They are not trying to pick stocks for you that they claim have high alpha,
just use machine learning to match your "style" with money managers
(presumably using data from mandatory reporting by money managers).

Is this going to raise the returns of the average site user? Probably not.
Does it help people to do invest their money according to their own style or
beliefs (wise or otherwise)? Yes, at least according to their claims. Is it a
net gain for society or something that deserves attention? In my opinion, no,
people should stick to the basics (i.e. index funds).

------
Everhusk
Cool project, have you tried backtesting your algorithm? You will probably get
quite a bit of negativity if your plan is to make money off this by
recommending stocks as is.

I would suggest trying to backtest with quantopian.com to start. If you are
able to generate alpha (which it will tell you), you could try entering their
monthly contests where they give you $100,000 to play with. Or you could just
go talk to investors, up to you.

------
navlio
[http://www.navlio.com/ZKIPL](http://www.navlio.com/ZKIPL)
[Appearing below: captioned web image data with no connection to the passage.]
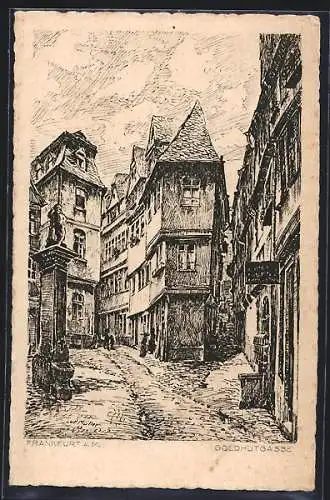 Künstler-AK Alt-Frankfurt, Blick in die Goldhutgasse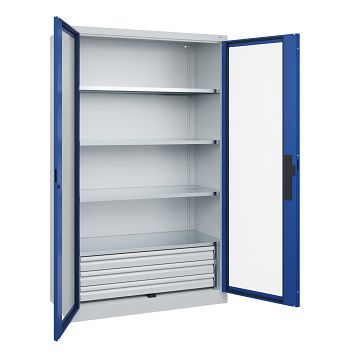 unten; Lichtgrau RAL 7035/Enzianblau RAL 5010 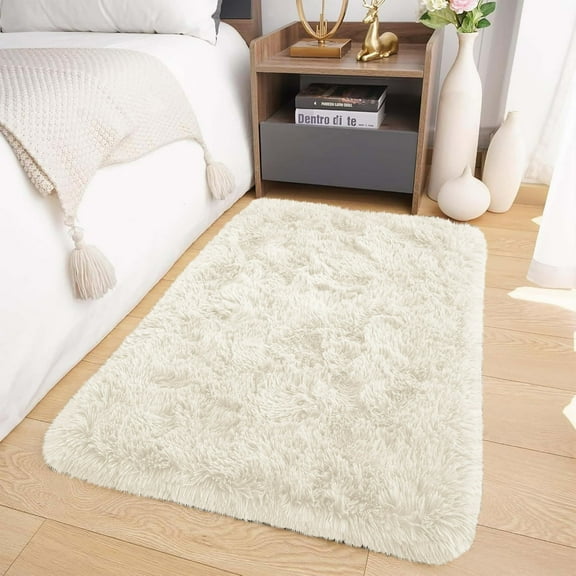 IR Imperial Rooms Solid Accent Shag Rug 2x3ft for Entryway Soft Fluffy Area Shaggy Rug White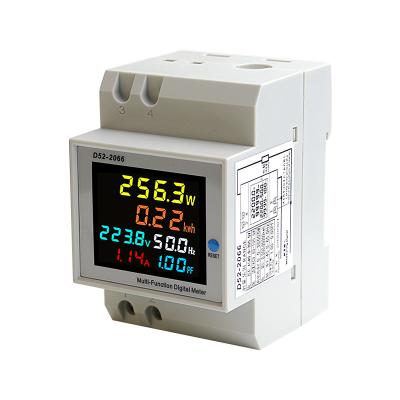 China D52-2066 6IN1 D52-2066 Display Smart Meter Din Rail AC Voltage Power Factor Current Active KWH Electrical Energy Frequency Meter for sale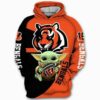 Cincinnati Bengals Baby Yoda Star Wars 3D All Over Print Zip Up Hoodie 1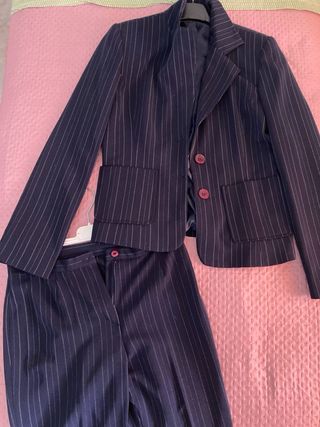 Completo donna gessato blu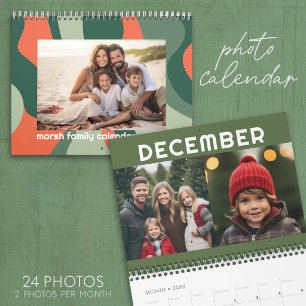2 foto's per maand Modern organische abstracte kun Kalender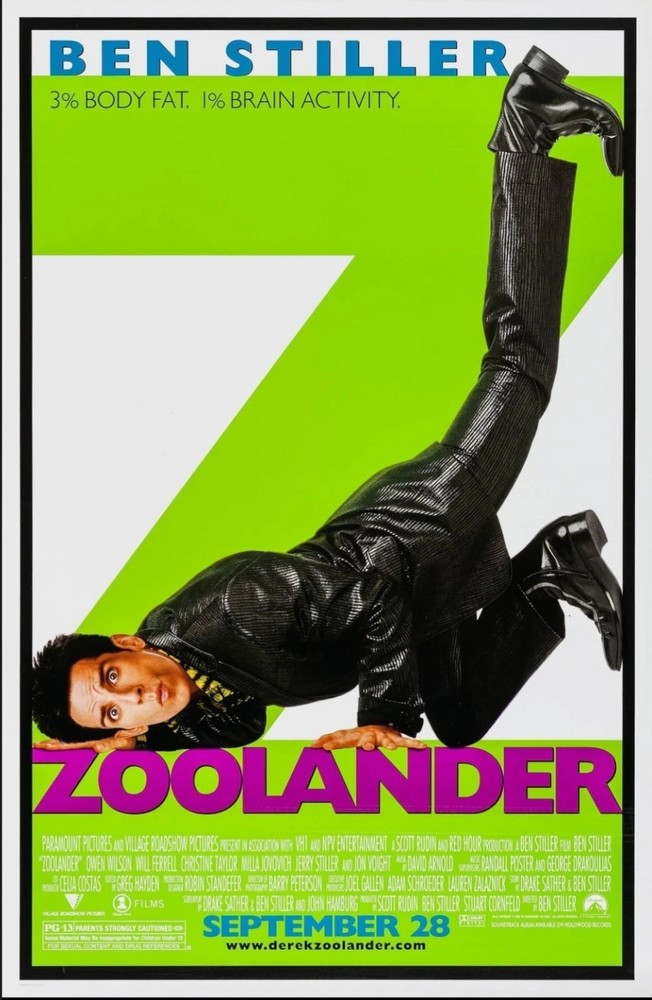 ZOOLANDER ORIGINAL DOUBLE-SIDED MOVIE THEATER POSTER 27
We ourselves used to track the number of "smart money" investors in biotech
stocks like BLUE (bluebird bio) in Excel spreadsheets. The motivation for
Navlio was to make this easier and more functional. Using BLUE as an example,
the number of "smart money" investors increased from 2 to 10 before its stock
price increased over 6x. We used Navlio to find other stocks like BLUE that
hedge funds were buying and invested in some of those as well. If you want to
actively buy stocks, this is a way to complement your research.

------
fuddle
Blindly following hedge fund data is a sure fire way too lose money. A lot of
these hedge funds are using more complicated strategies such as premium
selling and hedging using S&P futures.

------
ashwinl
I like its ability to list stock symbols based on themes. As a long term
investor who invests in specific industries, I have established fundamental
and technical criterion I use to evaluate stocks and identify buy/sell times.
But, I'm always on the look out for new stocks. Your "Theme" search is a
useful feature in this regard.

------
minimaxir
It should be that financial advice is one of the fields where it's really not
a good idea to "move fast and break things."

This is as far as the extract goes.